Brief descriptive captions
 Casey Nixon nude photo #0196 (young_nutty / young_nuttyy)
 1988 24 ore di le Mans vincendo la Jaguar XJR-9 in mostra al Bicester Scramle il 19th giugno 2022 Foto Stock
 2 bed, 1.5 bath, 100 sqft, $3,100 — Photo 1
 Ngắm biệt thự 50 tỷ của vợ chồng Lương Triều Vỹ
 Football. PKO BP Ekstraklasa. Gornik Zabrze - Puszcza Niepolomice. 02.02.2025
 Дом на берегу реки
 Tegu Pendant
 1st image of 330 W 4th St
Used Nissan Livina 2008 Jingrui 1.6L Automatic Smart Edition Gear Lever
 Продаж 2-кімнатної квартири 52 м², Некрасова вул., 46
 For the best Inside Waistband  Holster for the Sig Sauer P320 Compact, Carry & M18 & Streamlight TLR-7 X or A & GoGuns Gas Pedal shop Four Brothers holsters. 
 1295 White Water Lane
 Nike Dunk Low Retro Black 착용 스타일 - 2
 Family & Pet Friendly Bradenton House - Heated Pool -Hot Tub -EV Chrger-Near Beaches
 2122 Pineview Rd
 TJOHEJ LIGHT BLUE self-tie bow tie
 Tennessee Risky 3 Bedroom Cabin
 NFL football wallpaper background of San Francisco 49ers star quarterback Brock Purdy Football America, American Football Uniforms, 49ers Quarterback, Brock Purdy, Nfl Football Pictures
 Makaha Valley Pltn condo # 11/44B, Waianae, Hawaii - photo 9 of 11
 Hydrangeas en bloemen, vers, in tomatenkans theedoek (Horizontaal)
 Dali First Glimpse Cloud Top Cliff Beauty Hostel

• **TASK ITEM**: Tallying every line that holds the string "Football", report the total for the records and nothing else.

• **EXPECTED OUTPUT**: 2